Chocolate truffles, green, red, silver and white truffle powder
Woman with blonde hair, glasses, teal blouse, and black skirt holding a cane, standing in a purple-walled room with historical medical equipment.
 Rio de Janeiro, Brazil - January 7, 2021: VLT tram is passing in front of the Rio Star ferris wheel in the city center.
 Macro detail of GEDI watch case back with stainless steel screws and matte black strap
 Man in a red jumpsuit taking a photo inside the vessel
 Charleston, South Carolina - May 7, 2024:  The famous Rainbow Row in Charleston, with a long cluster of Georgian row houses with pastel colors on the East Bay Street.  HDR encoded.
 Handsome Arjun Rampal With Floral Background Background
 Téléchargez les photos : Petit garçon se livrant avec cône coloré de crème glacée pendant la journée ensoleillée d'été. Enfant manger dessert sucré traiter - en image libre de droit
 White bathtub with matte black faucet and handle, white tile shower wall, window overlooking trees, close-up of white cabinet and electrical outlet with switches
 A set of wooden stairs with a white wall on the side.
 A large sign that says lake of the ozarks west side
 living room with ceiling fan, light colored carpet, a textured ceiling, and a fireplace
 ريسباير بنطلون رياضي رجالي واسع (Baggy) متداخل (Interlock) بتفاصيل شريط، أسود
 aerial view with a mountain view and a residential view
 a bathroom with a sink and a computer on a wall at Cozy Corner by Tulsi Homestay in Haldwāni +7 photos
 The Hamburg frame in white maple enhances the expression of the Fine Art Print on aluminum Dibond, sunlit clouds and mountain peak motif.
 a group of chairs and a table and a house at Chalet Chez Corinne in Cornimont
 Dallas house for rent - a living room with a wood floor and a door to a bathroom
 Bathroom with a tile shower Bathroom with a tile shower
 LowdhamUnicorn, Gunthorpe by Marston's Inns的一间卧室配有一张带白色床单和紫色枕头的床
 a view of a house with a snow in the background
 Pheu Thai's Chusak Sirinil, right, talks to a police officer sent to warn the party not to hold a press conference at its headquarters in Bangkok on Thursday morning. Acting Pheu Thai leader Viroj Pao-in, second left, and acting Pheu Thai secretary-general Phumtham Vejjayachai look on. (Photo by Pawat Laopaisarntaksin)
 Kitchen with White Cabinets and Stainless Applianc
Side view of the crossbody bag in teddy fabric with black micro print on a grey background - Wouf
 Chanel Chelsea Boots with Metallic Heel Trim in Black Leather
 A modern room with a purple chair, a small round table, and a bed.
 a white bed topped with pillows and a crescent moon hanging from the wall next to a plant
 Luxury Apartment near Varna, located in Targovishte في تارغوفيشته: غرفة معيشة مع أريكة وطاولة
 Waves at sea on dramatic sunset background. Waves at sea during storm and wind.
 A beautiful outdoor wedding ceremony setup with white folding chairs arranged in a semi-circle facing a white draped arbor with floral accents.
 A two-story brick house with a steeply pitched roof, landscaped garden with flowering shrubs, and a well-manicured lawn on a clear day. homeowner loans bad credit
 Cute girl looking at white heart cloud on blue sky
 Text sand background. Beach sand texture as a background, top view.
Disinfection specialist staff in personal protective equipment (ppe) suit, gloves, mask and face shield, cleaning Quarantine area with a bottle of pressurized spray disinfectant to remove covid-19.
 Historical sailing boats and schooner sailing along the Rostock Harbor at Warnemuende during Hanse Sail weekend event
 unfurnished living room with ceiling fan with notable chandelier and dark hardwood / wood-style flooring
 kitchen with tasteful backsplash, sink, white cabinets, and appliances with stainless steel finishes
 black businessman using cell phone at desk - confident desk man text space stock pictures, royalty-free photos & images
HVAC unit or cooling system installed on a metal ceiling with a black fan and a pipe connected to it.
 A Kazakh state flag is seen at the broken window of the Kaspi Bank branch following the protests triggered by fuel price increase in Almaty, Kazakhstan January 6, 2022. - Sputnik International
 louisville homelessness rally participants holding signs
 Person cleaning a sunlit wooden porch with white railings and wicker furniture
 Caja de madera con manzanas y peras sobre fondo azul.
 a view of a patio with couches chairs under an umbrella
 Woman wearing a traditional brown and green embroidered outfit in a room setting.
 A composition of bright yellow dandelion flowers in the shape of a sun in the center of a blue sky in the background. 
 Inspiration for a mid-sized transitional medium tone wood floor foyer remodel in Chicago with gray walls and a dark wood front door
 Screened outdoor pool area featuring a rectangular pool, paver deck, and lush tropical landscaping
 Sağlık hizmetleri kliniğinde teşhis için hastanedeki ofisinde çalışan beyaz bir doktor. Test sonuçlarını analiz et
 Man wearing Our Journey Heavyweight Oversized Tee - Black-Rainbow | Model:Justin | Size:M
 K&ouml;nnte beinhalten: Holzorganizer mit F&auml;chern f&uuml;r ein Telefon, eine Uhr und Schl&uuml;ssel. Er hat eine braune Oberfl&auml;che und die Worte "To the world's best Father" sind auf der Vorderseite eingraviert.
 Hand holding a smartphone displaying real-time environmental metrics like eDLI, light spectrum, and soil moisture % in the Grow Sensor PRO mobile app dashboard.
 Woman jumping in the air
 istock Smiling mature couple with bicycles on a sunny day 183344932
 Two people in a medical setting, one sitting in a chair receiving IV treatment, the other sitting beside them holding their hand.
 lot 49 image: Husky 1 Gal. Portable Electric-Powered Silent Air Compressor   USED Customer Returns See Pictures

WORK TO BE COMPLETED:
In the entries above, find the line with "Historical sailing boats" and the line with "kitchen with tasteful", then set down exactly those two and every line between them, nothing else.

ANSWER BOX:
 Historical sailing boats and schooner sailing along the Rostock Harbor at Warnemuende during Hanse Sail weekend event
 unfurnished living room with ceiling fan with notable chandelier and dark hardwood / wood-style flooring
 kitchen with tasteful backsplash, sink, white cabinets, and appliances with stainless steel finishes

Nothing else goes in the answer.